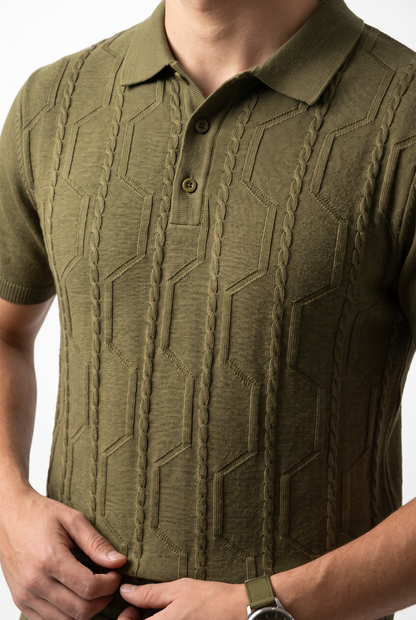 VANE Knit Polo in Olive — detail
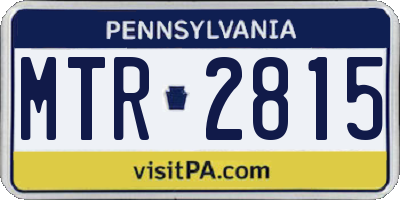 PA license plate MTR2815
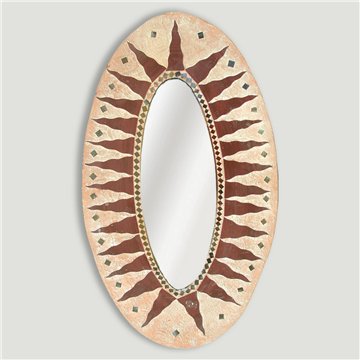 Espejo oval marrón 40x70cm
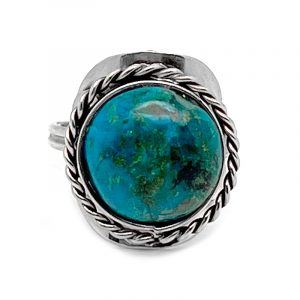 Handmade round-shaped semi-precious gemstone cabochon on adjustable alpaca silver metal ring with rope edge border in teal green chrysocolla.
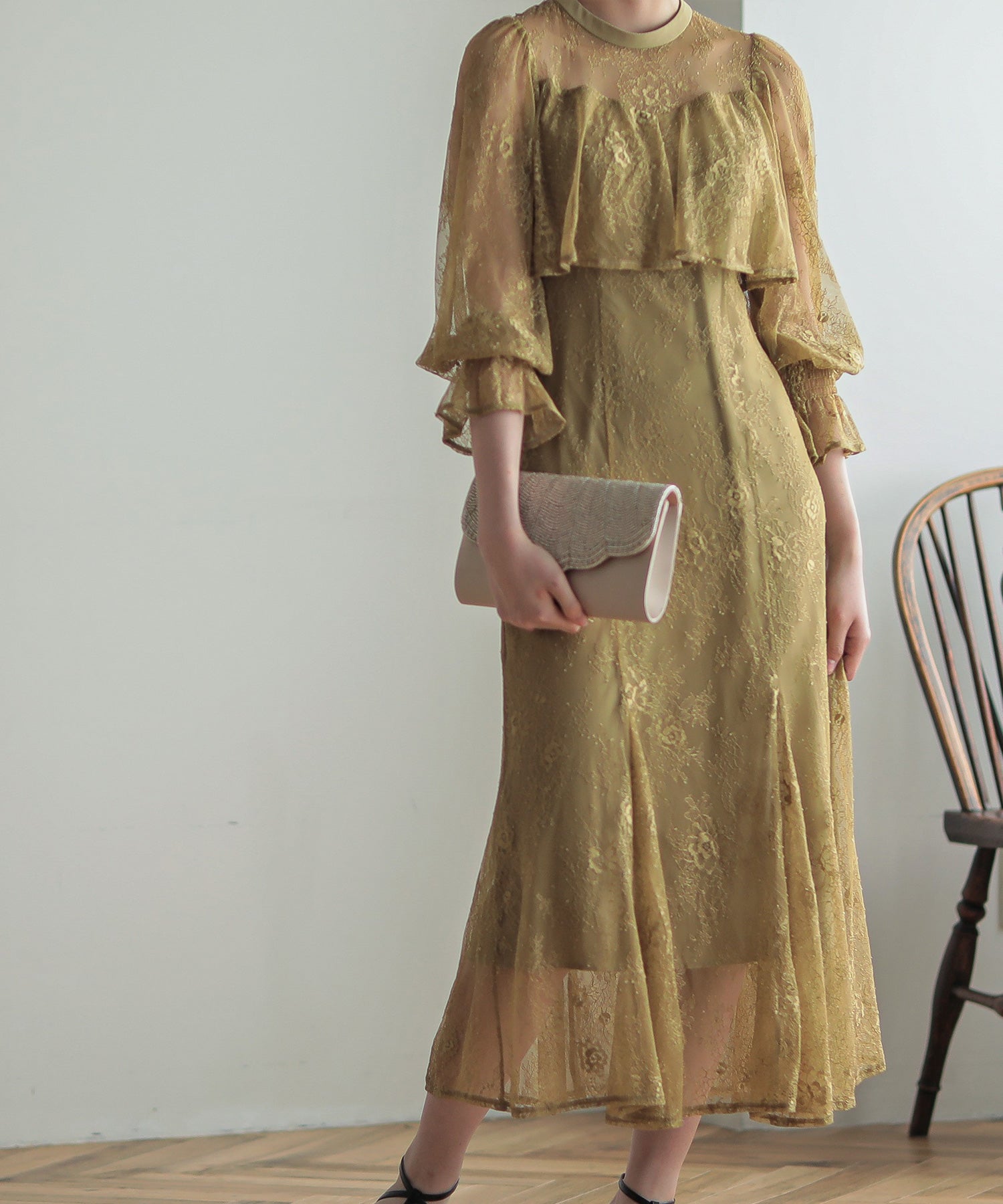 ボリュームスリーブレースロングドレス｜パーティードレス・結婚式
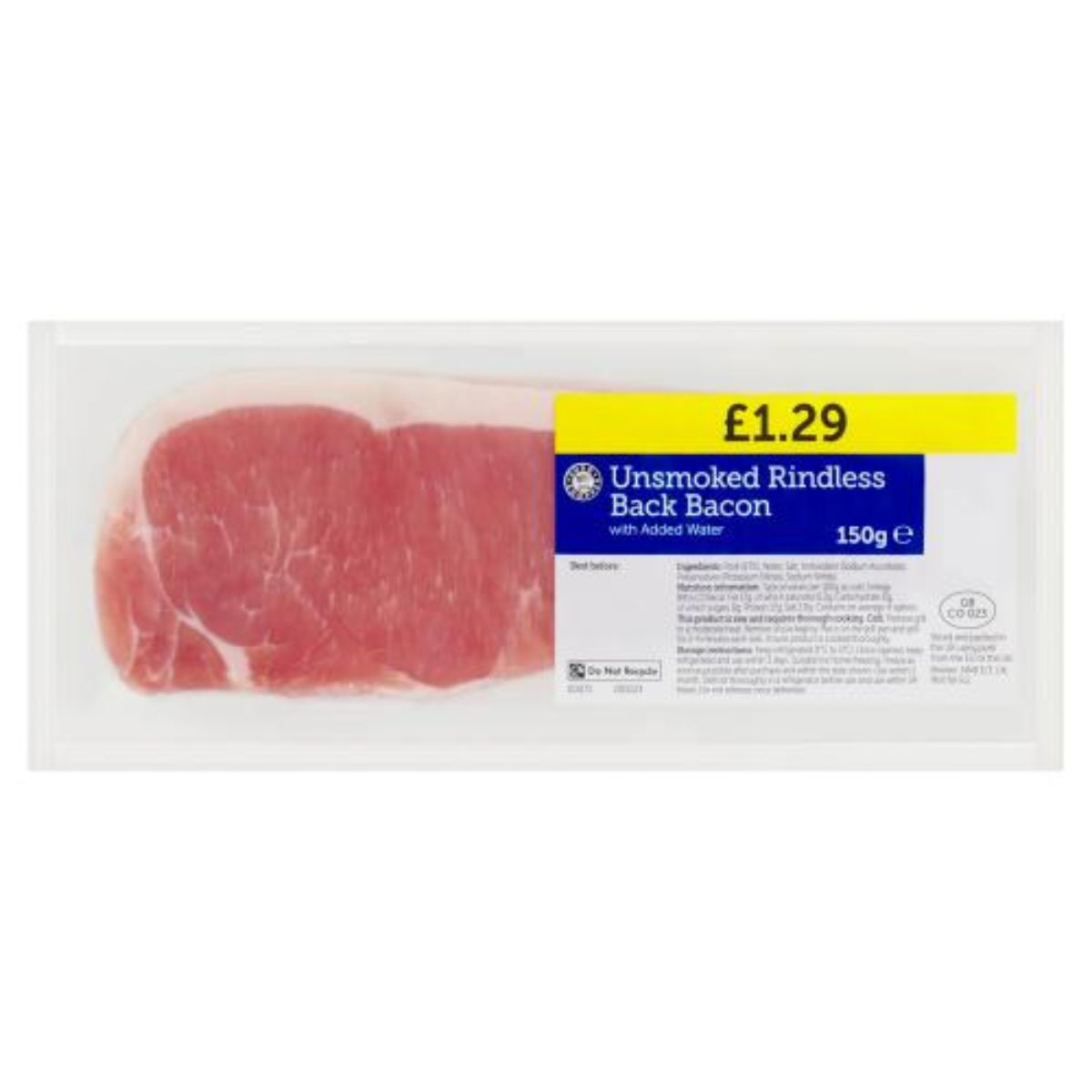 A package of Euro Shopper Unsmoked Bacon - 150g on a white background.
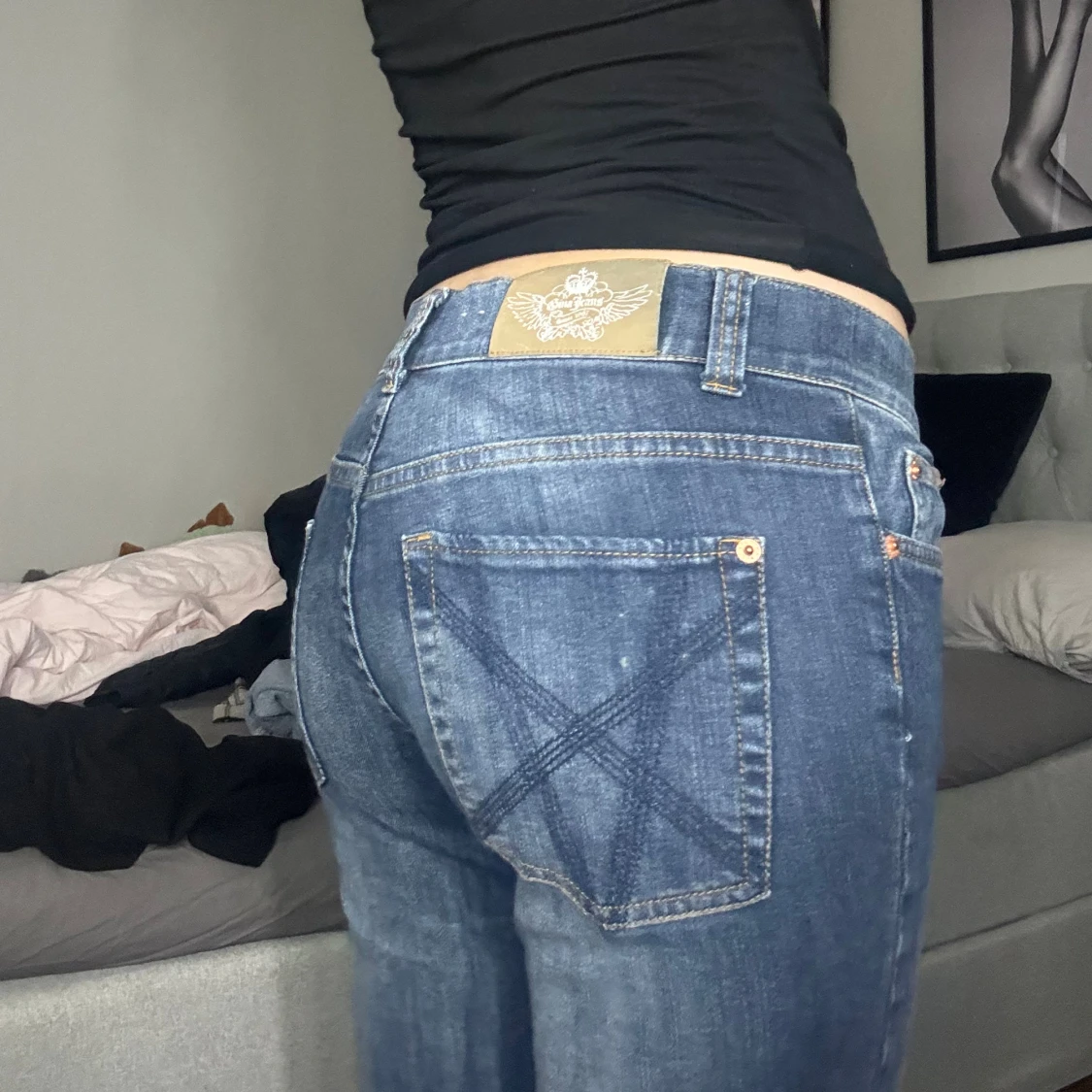Blåa low-waist bootcut jeans - 1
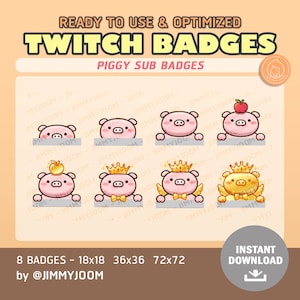 May include: Eight Twitch chat badges featuring a cartoon pig in various poses. The pig is wearing a crown, holding an apple, and has angel wings. The badges are available in three sizes: 18x18, 36x36, and 72x72 pixels.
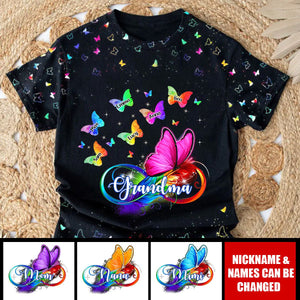 Colorful Butterfly Grandma with Grandkids Personalized 3D T-shirt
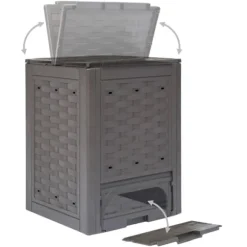 vidaXL kompostbeholder til haven 300 l 60 x 60 x 83 cm brun - Kompostbeholdere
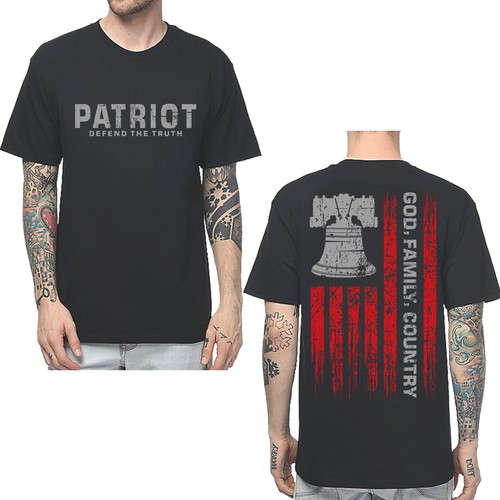 Develop a patriotic shirt that represents: The individual patriot, God, Family, Country Design by -Diamond Head-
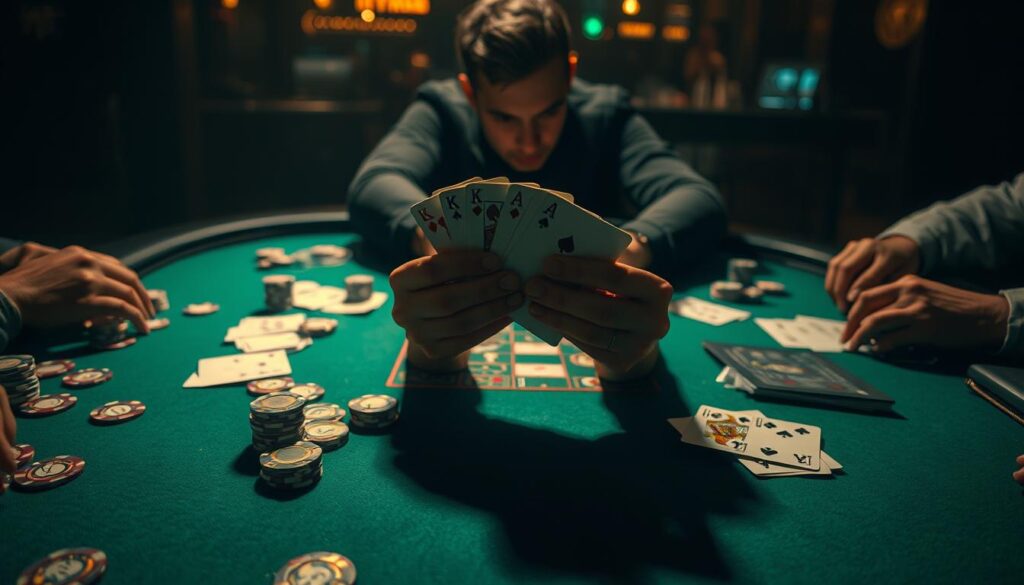 A high-stakes Texas Hold'em poker table, dimly lit with a warm, moody atmosphere. The green felt surface is scattered with poker chips, cards, and strategic notes. In the center, a player's hands hold a winning hand, casting dramatic shadows across the table. The background is blurred, emphasizing the intensity of the game and the player's laser-focused expression. Dramatic chiaroscuro lighting creates striking contrasts, heightening the sense of concentration and anticipation. The overall composition conveys the strategic thinking and high-pressure decision-making inherent in mastering Texas Hold'em poker.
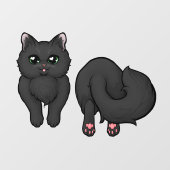 黒いふわふわの子猫のお尻 ウィンドウサイン (シート)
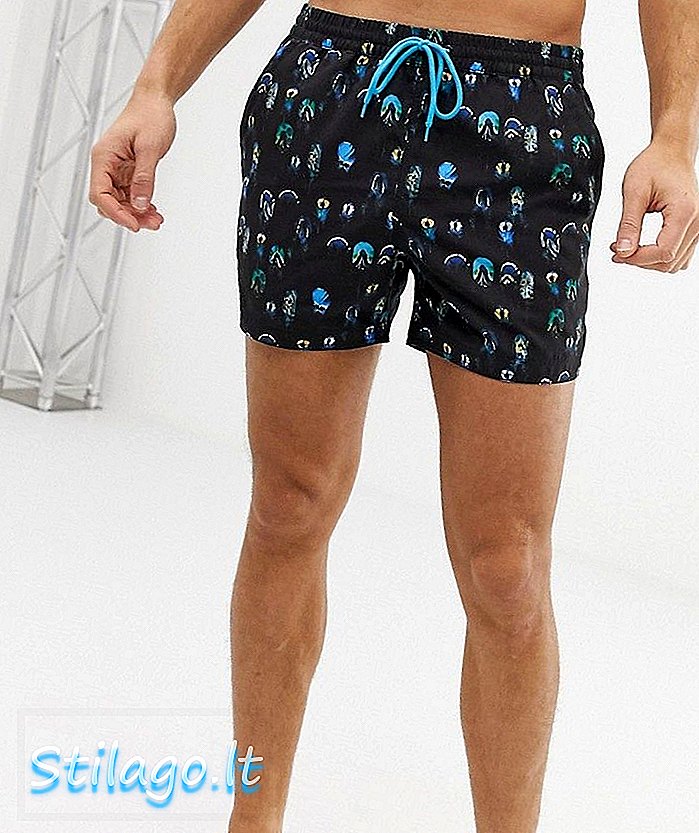 South Beach Recycled zwemshort met verenprint-Multi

○ ○ ○

**REQUIRED ACTION**. Everything in the entries except the pictures should be returned exactly as given.

**COMPLETED EXERCISE**.
 VANE Knit Polo in Olive — detail
 PA license plate MTR2815
 Espejo oval marrón 40x70cm
 Handmade round-shaped semi-precious gemstone cabochon on adjustable alpaca silver metal ring with rope edge border in teal green chrysocolla.
 ボリュームスリーブレースロングドレス｜パーティードレス・結婚式
 A package of Euro Shopper Unsmoked Bacon - 150g on a white background.
Blåa low-waist bootcut jeans - 1
 May include: Eight Twitch chat badges featuring a cartoon pig in various poses. The pig is wearing a crown, holding an apple, and has angel wings. The badges are available in three sizes: 18x18, 36x36, and 72x72 pixels.
 Colorful Butterfly Grandma with Grandkids Personalized 3D T-shirt
 vidaXL kompostbeholder til haven 300 l 60 x 60 x 83 cm brun - Kompostbeholdere
 Develop a patriotic shirt that represents: The individual patriot, God, Family, Country Design by -Diamond Head-
 A high-stakes Texas Hold'em poker table, dimly lit with a warm, moody atmosphere. The green felt surface is scattered with poker chips, cards, and strategic notes. In the center, a player's hands hold a winning hand, casting dramatic shadows across the table. The background is blurred, emphasizing the intensity of the game and the player's laser-focused expression. Dramatic chiaroscuro lighting creates striking contrasts, heightening the sense of concentration and anticipation. The overall composition conveys the strategic thinking and high-pressure decision-making inherent in mastering Texas Hold'em poker.
 黒いふわふわの子猫のお尻 ウィンドウサイン (シート)
 South Beach Recycled zwemshort met verenprint-Multi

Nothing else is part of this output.